Bila dulu masih anak bawang yang gugup melihat cuaca buruk, kini kami memiliki moril yang tinggi menghadapi kondisi ekstrim petualangan. Empat tahun lebih mencicipi berbagai medan petualangan di nusantara merupakan waktu yang cukup untuk menggembleng rasa percaya diri di medan petualangan. Saya telah siap jika harus kembali menembus badai yang sama.

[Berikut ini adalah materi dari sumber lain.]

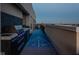 Rooftop deck featuring a shuffleboard court, outdoor kitchen with grill, and a stunning cityscape backdrop at 333 Massachusetts Ave # 801, Indianapolis, IN 46204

Herannya tak ada hambatan apapun sesampai di Ujungkuloan. Hanya angin sepoi-sepoi yang membelai, bukan badai yang mengamuk atau muara yang diluapi banjir bandang. Matahari besinar hangat seakan cuaca mencoba menebus kesalahannya saat mendera kami di sini empat tahun lalu. Kami merasa disambut hangat oleh sang kakak seakan ia tahu hanya yang benar-benar mencintai adiknya yang akan kembali untuk menembus badai yang sama empat tahun lalu. Kali ini ia hanya tersenyum dengan hangat, kami pun membalas senyumannya.